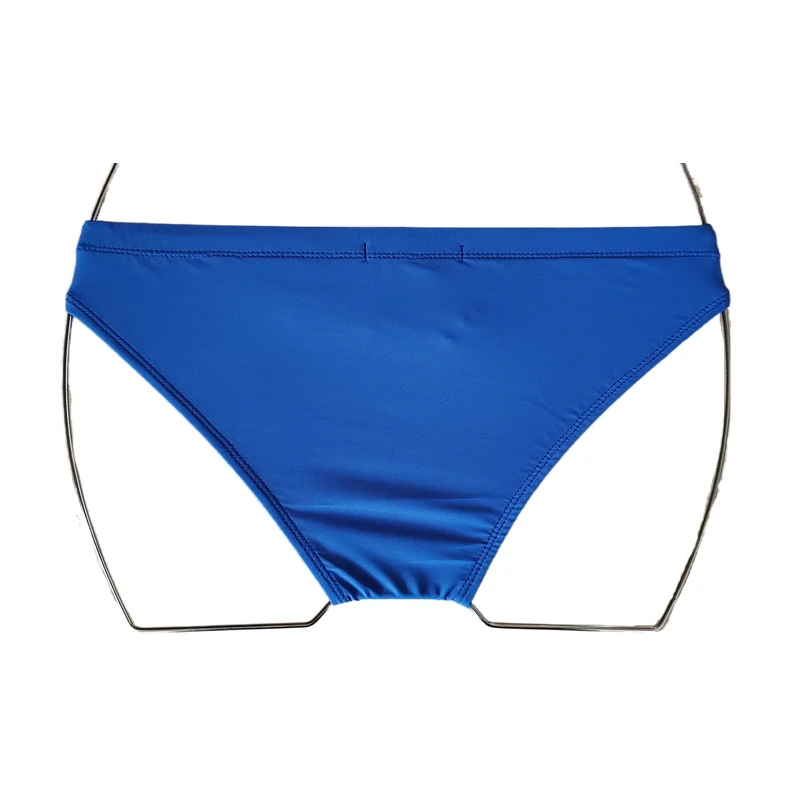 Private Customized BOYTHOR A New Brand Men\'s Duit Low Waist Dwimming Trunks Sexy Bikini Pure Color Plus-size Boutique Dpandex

--

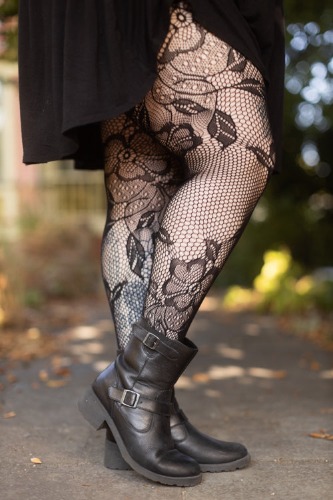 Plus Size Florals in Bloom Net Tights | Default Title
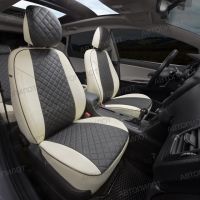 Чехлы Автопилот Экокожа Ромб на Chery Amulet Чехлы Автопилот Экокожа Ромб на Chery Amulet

(Try it): Copy exactly the part of the material above that opens with the line containing "Plus Size Florals" and closes with the line containing "Чехлы Автопилот Экокожа Ромб на Chery Amulet Чехлы", ends included. Drop the images.

(Response below):
 Plus Size Florals in Bloom Net Tights | Default Title
 Чехлы Автопилот Экокожа Ромб на Chery Amulet Чехлы Автопилот Экокожа Ромб на Chery Amulet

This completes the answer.